W3C home > Mailing lists > Public > w3c-wai-gl@w3.org > October to December 2003

getting off topic Re: WCAG and some linguistics problems

From: Charles McCathieNevile <charles@sidar.org>
Date: Sat, 18 Oct 2003 02:50:17 +0200
To: "Roberto Scano - IWA/HWG" <rscano@iwa-italy.org>
Message-Id: <AFCD16C1-0105-11D8-B85D-000A958826AA@sidar.org>

In one sense you are right - the only solution that seems to have much 
value is using proper standard character sets.

So the rest of the strategies are about how to convert content (and 
software) to use and declare proper recognised character sets.

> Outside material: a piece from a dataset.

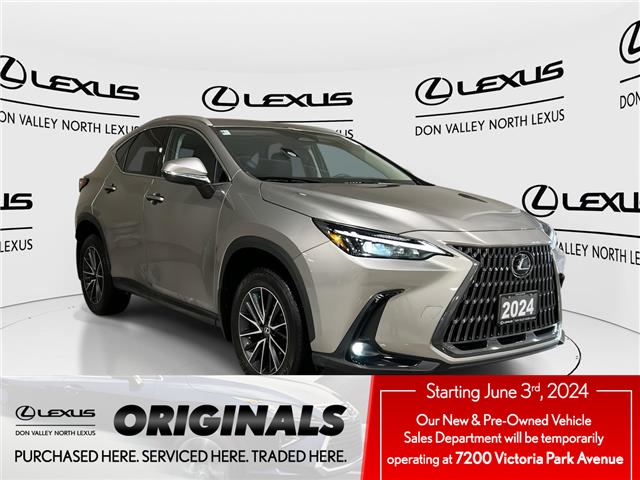 2024 Lexus NX 250  (Stk: 14U7300) in Markham - Image 1 of 25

A longish ramble on how this comes about (feel free to ignore - I don't 
disgree with Roberto's conclusion).

But the reasons why people don't just use iso8859-2 (or utf-8 or any of 
several other schemes that are recognised widely) are generally to do 
with the software they are using - until recently internationalisation 
has been dreadful in most software, and there is still a lot of new 
software around that is pretty bad.

For the web people have also had the option of writing &o-umlaut; etc 
(although it is pretty nightmarish for Chinese, Japanese or Korean 
characters, and even Vietnamese (which is latin letters plus a couple 
of old european letters, and a lot of accents) was pretty difficult, 
with people standardising in lots of different ways. The same thing 
happens to a lot of small languages - hungarian is large compared to 
the Yolngu Matha group of languages, which probably have about 10 000 
speakers of the 31 languages, with some of them viable and some of them 
close to extinct.

When computers first came along people made a non-standard font to deal 
with the characters they have (mostly various underlined or accented 
versions of latin characters, plus the "tail-n" which is a phonetic 
alphabet character for "ng" that is present in a character set designed 
for greenlandic, if I recall correctly. This was when the Yolngu 
speakers with a computer knew each other's telephone numbers. (Not that 
there were a lot of telephones in the area).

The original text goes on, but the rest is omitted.